But all in all, I don’t know what I am anymore. I don’t know what I want anymore. I don’t think I ever really knew what I want.

So, why am I doing this? Why am I stressing?

I want to be alone. Yes. I want to have that love. Yes. But I can’t have both. It’s just an impossibility for that to happen.

I just don’t know much of anything anymore.

I think I will just go through that cycle again of letting life be and not pursue anything at all. I should just play it safe and just play it slow and just play it away from everything and everyone that I know.

Tired eyes with a tired smile.

As in a way I drank my sorrows away, focusing my attention on something and someone else yesterday.

Drinking my sorrows away as I didn’t think about her at all.

Drinking my sorrows away as I was just in the moment, focusing on someone other than her.

If it is truly meant to be, if it is truly who I should be with, shouldn’t she be constantly on my mind even though I’m with someone else?

Shouldn’t the Pak friend not be barging her way into my mindscape either?

So cute. So adorable.

Sigh.

Pathetic.

Backing off, backing back.

Nothing else to do, nothing much more to say. Nothing nothing.

Hopefully I’ll get to a point this year where it really isn’t necessary.

* * *

Time.

Time flies yet stands so still today.

It ticks by and ticks by at a altered pace that I haven’t felt in a long time. Maybe it is a matter of being in this semi-recovering-inebriation of my mind and soul, slowly putting things back as best it can to the proper place where things should be.

My heart.

Pieces.

My brain.

Mush.

My soul.

Lost.

Strong and confident.

Bold and nonchalant.

These are things that I kind of see in myself and there are times where it just comes out, but it just doesn’t seem that way now.

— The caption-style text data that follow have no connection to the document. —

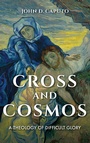 Cover: Cross and Cosmos - Indiana University Press
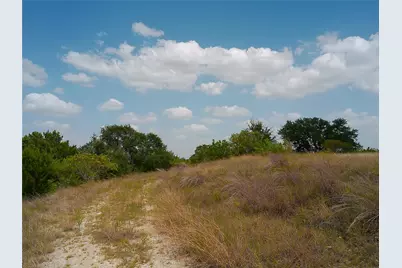 Lot 22 Serenity Drive, Bertram, TX 78605 - Photo 13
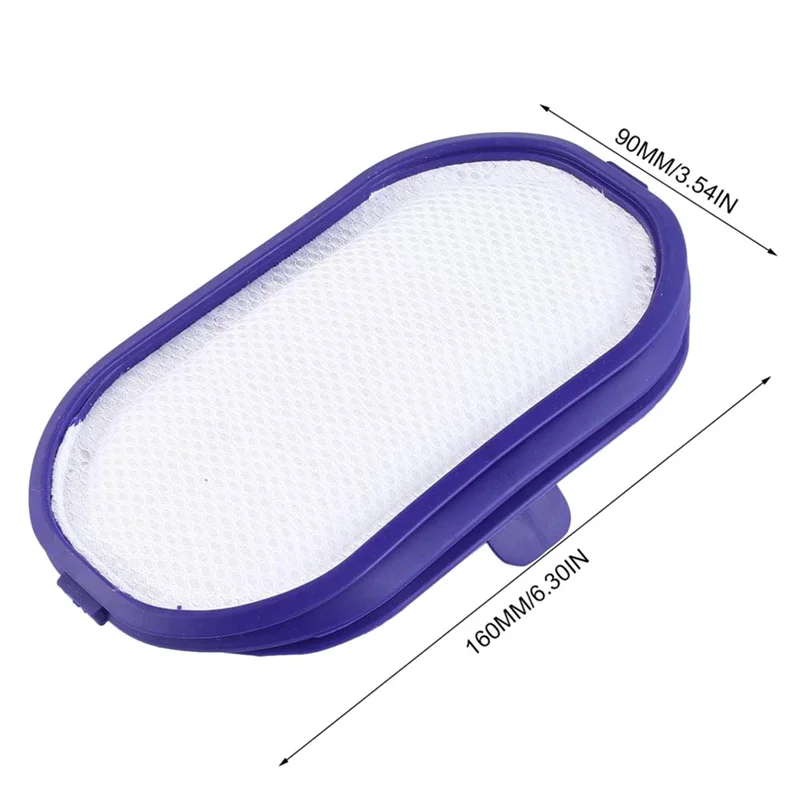 T74C Washable Pre-F… - image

Where these qualities are, it certainly isn’t here with me now. It has crawled back into the shell, hiding until I am ready to present it again.

Whenever that is.

* * *

Sigh.

Signs.

Let’s be honest. Let’s be true.

All false pretenses aside.

What is it that I want? What is it that I need? What works for me? What doesn’t?

Answers: Pending. I really don’t know.

the ultimatum of sweetness and thoughtfulness

It’s done and done.  Done and done.

Whatever it is that I thought was going to happen, happened.  Whatever that was my imagination of the fruitfulness of my gesture never came close to what it is that was in reality. 

Reality directed it to a totally different aspect that I was dreading.  It was the reality of 500 Days of Summer

It was that indeed.

Sweet.

Thoughtful.

That’s what I am.  That’s my nature.  There’s no fighting it.  Why don’t I embrace it?  Why don’t I?

In a way I do.  I am nice, thoughtful, and sweet. 

Perfect qualities that women do claim to have a desire, a burning for.  Something that they seek for in that one special someone.

Then why is it that this little grain of truth is never actually reflected in reality?

I guess in some ways.  Things just don’t happen that way.

My sweetness maybe is too sweet for this one girl’s taste and just totally perfect for another’s, but unfortunately it’s perfection for the wrong girl. 

I don’t know what it is.  I don’t know what to do.

I just know that a disappointment and a ennui is settling in me.  What am I to do?

What can I do?

Can I just tell my heart to just stop beating?  To stop pining?  To just stop yearning for that special desires of finding that top top one?  I don’t that is possible at all.  It’s just a stupid pipe dream.

Sigh.

What is a man to do?

What can he do?

You give it everything.  You gave it your all. 

I’m not the most subtle person.  I do really believe that my intentions were clear, albeit on the quiet side, but there is no reason, none, to interpret it in a totally different way than what was intended.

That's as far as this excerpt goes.